TCF3-HLF is produced through the fusion of two chromosomes and contains elements of what are known as transcription factors which activates the transcription of certain genes.
"The abnormal protein TCF3-HLF also activates a whole range of genes but it does so in the wrong context and at the wrong point in the blood development process. This triggers the formation of malignant white blood cells and causes leukemia, according to the research.
"Our research shows that the abnormal protein binds to almost 500 regulatory elements in the genetic material of the human leukemia cells, activating hundreds of genes by mistake," explains Yun Huang, lead author of the study.
The abnormal protein is not known to act alone, it gathers more than 100 other proteins which helps to activate the genes. In the study. "We investigated the function of the individual proteins in this genetic machinery and used this to identify key elements that could be targeted through therapy," explains Huang. He and his colleagues used the CRISPR/Cas9 method, sometimes referred to as a "gene cutter", to detach the specific parts they had identified from the machinery. As a result, they managed to find eleven critical factors that are crucial to the build-up of malignant abnormal blood cells behind leukemia.
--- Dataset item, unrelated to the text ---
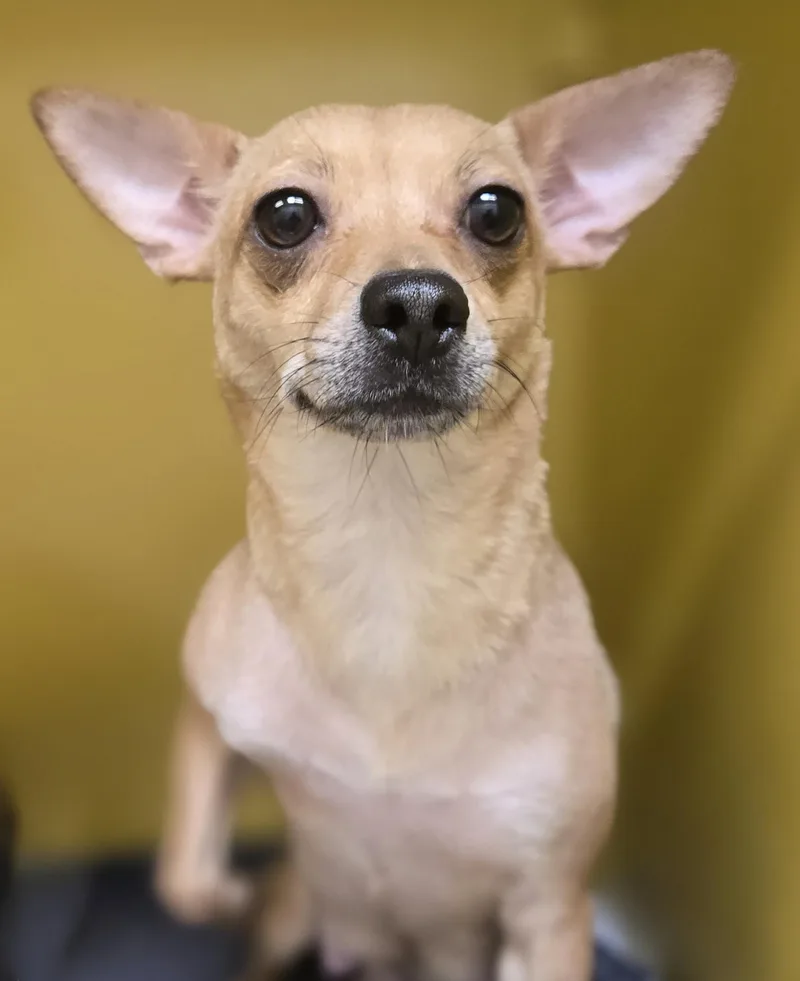 An adult small-sized female Chihuahua dog named Queenie for adoption in Los Angeles, CA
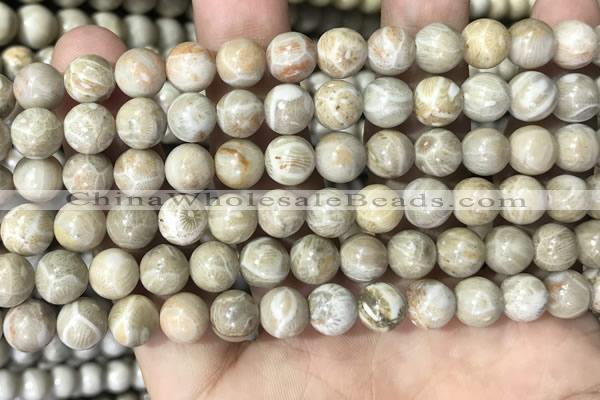 CFC333 15.5 inches 8mm round fossil coral beads wholesale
For the investigation, the researchers used a new kind of substance called A-485 which binds to EP300 and inhibits its activity. Protein EP300 is a cofactor that boosts gene activation that could be a very promising target for therapy.
The researchers found that when A-485 was administered to mice carrying human leukemia cells, the malignant cells died off. "It is therefore possible, in principle, to stop the fundamental driving force behind this leukemia directly and thus develop a targeted type of therapy," says research group leader Jean-Pierre Bourquin. "The important thing now is to build a fuller picture of what goes wrong so that we can investigate the best possible way to combine specific modes of an attack like this." Given that other forms of leukemia are caused by similar mechanisms, it may also be possible to identify a common denominator for developing new drugs to combat cancer.
The study, "The Leukemogenic TCF3-HLF Complex Rewires Enhancers Driving Cellular Identity and Self-Renewal Conferring EP300 Vulnerability," is published in the journal Cancer Cell.